Vile chant is evidence of a deeper issue
Melbourne's private school principals have probably been quietly thankful since the St Kevin's College chanting scandal.
The head of one school's year 12 valedictory dinner last week started his speech: "Class of 2019 … thank you for not being in the news this week."
It brought the house down.
And yet the heads of some elite schools must realise it could easily have been one of their students.
They know privileged, self-satisfied young men have been behaving like this for years.
Examples from the past few years include boys setting up the "young sluts" page on Instagram, an online pornography ring at another school while male students at another rated their formal dates via a "Tinder boot camp".
The misogynist St Kevin's student chant captured on film on at least two occasions in recent weeks needs to be viewed as part of this continuum.
The full chant includes 17 vile verses of derogatory sexist acts men want to perform on women.
However, we shouldn't simply blame St Kevin's because this behaviour reflects a broader male culture of elitism and sexism.
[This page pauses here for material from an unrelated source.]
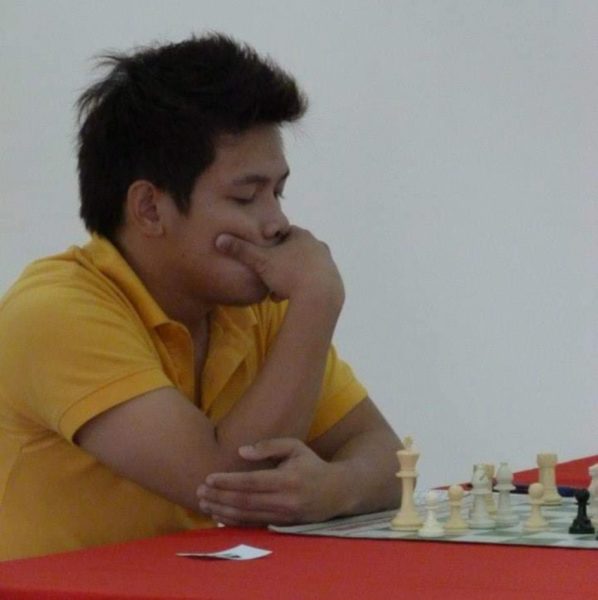 Bisdak chessers shineas Para team delivers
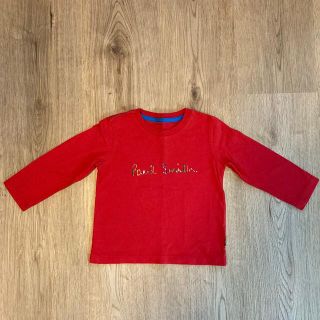 ポールスミス(Paul Smith)ののんちゃん様専用　ポール・スミスジュニア　長袖カットソー 85(Tシャツ/カットソー)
There's a certain self-satisfaction that comes with being a part of such an elite tribe.
The boys from Melbourne's most expensive schools put on their school blazers and walk taller in the knowledge that they're part of a special band of students.
They wear their school tracksuits on weekends, happy for others to see where they go to school.
This is despite the fact that not all St Kevin's parents are wealthy, with many working hard to pay the $20,000 fees.
This arrogant ruling class male privilege is also endemic at other places where young men congregate in big male-only groups such as residential university colleges and army officer training programs.
It's no coincidence the St Kevin's chant has also been heard in such locations.
These days, private schools like St Kevin's spend a lot of time teaching their students about the importance of respectful relationships with women and others.
What worries me is that these boys and men at St Kevin's behaved so badly despite that training.
They knew they were doing the wrong thing and they did it anyway. So how do we get through to them?
And despite the school's official line, it does appear the song has been a part of the unofficial school culture for some years.
That shows something has gone awry.
One former student, Elliott Roberts, has some suggestions.
He blames the "hyper-masculine values and a culture that steers away from any kind of sensitivity in boys".
He thinks such schools' "total obsession with sport" is part of the problem.
"The culture that is attached to competing with other all-boys schools at such a fierce level takes such priority that it's hard to feel valued at that school if it's not a priority for you," he says.
Mr Roberts points out that the quote from St Kevin's headmaster Stephen Russell is also problematic.
Russell said: "As a husband, a father of daughters, a brother of four sisters, a son, and I hope, a good friend and decent colleague to many women, I know this behaviour cannot go unchallenged."
And yet, this behaviour shouldn't be reduced to being harmful to the women in the boys' lives, but all women.
It should be condemned because it's wrong.
As Mr Roberts says: "Listen to the women in your life. Don't just use them as examples of why sexism offends you". He's spot on.
A lack of female teachers and school leaders also has an impact, as does the lack of girls in the classroom.
The mere presence of girls isn't enough - the behaviour of boys in co-ed schools shows that.
But it does help to lessen the pressure to ascribe to hyper-masculine behaviour.
There's no doubt the St Kevin's community is hurting.
Students have been unfairly targeted on public transport by strangers while some boys have turned on those who have spoken up against the chanting.
Girls at sister school Sacre Coeur have also been targeted by the St Kevin's boys, with a rap song calling them: "fake b - ches who can't take 10 inches".
Many of the school's parents have also been at pains to stress this is the behaviour of an aberrant few, not reflective of a broader school culture.
I get it - to admit otherwise is to consider that their own son may be capable of the same actions.
Mr Russell has promised he "will not let this matter lie".
He, and others in his position, will have to do much more than punish those responsible. They have to disrupt the culture that made it possible.
Mr Russell owes it to the school's students, parents, teachers and past students to now face the media and publicly explain how he plans to do this.
Susie O'Brien is a Herald Sun columnist.